At the Labour Party conference in Brighton last month, home secretary Jack Straw, a long-standing opponent of PR, told a fringe meeting that he ‘could live with’ AV. After the conference, several newspapers quoted ‘senior party sources’ as saying that Tony Blair had come round to the same point of view. Party spin doctors suggested that Blair might get his way by appointing Lord Jenkins of Hillhead, the Liberal Democrat peer, to chair the commission on voting systems that is due to recommend a system to be put to the voters in the referendum.
‘The alternative vote is the only system that’s even worse than first past the post,’ Ken Livingstone, the Labour MP for Brent South, told Red Pepper. ‘It exaggerates the representation of whichever party is ahead. We could push it through and then five years later find the Tories winning a majority of 50 with only 1 per cent more of the vote than us.’
Richard Burden, the Labour MP for Birmingham Northfields and chair of the Labour Campaign for Electoral Reform, Labour’s main pro-PR pressure group, said: ‘The manifesto is clear that the voting systems commission will be charged with recommending a proportional system for the referendum. AV is not a proportional system. It gives voters precious little say over the shape of the parliament after an election.’

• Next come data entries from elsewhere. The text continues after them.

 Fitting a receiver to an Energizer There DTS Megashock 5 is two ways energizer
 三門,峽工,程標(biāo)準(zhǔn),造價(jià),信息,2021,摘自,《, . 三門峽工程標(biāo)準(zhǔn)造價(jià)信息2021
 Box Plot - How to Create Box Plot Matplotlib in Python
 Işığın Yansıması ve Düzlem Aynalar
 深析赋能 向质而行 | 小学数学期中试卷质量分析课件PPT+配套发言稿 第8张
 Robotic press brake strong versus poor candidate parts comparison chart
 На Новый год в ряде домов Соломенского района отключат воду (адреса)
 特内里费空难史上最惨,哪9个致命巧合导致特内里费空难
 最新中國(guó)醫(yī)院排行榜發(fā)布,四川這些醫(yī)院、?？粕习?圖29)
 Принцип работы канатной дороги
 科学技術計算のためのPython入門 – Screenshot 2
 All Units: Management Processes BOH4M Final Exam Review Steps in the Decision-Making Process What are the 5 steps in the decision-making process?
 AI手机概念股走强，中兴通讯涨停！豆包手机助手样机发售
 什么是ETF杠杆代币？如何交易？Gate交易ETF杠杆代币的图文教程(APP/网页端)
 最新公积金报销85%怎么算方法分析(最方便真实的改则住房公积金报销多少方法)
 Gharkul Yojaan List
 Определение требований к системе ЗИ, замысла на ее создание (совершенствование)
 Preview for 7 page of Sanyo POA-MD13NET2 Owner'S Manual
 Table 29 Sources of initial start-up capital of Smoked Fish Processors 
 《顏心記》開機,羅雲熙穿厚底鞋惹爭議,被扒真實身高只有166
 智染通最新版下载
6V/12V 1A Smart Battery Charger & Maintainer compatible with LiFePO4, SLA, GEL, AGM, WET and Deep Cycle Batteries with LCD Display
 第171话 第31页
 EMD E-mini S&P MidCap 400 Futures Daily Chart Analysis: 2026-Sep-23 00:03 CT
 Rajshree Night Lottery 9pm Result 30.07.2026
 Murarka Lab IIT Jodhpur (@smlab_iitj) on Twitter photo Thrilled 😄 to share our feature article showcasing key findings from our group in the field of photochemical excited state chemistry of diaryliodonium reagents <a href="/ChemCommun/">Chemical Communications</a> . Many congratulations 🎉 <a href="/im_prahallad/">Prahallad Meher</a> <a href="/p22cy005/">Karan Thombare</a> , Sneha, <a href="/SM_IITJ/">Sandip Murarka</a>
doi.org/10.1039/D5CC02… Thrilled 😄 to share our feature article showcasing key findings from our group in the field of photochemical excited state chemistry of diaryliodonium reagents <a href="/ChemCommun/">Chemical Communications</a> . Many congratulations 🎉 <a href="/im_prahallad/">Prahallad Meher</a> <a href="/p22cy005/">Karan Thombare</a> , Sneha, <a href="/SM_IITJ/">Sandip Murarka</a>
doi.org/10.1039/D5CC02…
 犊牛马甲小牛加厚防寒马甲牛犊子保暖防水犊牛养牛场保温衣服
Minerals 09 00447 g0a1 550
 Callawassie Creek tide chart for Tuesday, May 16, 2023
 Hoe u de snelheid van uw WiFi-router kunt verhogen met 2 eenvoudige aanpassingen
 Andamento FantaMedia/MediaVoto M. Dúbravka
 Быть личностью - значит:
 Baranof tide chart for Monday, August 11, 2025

A Liberal Democrat spokesperson made much the same point: ‘The commitment was to a referendum on a proportional system and the alternative vote is not a proportional system.’
AV retains the single member constituencies of the status quo but changes the marking of ballots from ‘x’ to ‘1, 2, 3’ and so on in order of preference. If no candidate gets 50 per cent of first preferences, the second preferences of the last-placed candidate are added to the other candidates’ totals, a process that continues until one candidate has more than 50 per cent of the votes.
AV is not a proportional system, although it is often mistakenly described as one. It would give greater representation to the centre than FPTP, but would make it just as difficult for small parties to win seats and would force parties to compete even more than at present for the centre ground.
The prospects of AV as a would-be electoral system for the Commons seemed to have been dashed last year when a Labour-Lib Dem consultative committee chaired by Robin Cook and Robert Maclennan agreed that ‘the referendum should be a single question offering a straight choice between first past the post and one specific proportional alternative’. Blair himself ruled out AV as an option because ‘it’s not proportional’ in an interview just before the election.
Labour was first committed to a referendum on electoral reform by John Smith in 1993. The government has promised that the additional member system of PR will be used for elections to the Scottish parliament and Welsh assembly, and it is planning to introduce a list system of PR for the 1999 European Parliament elections.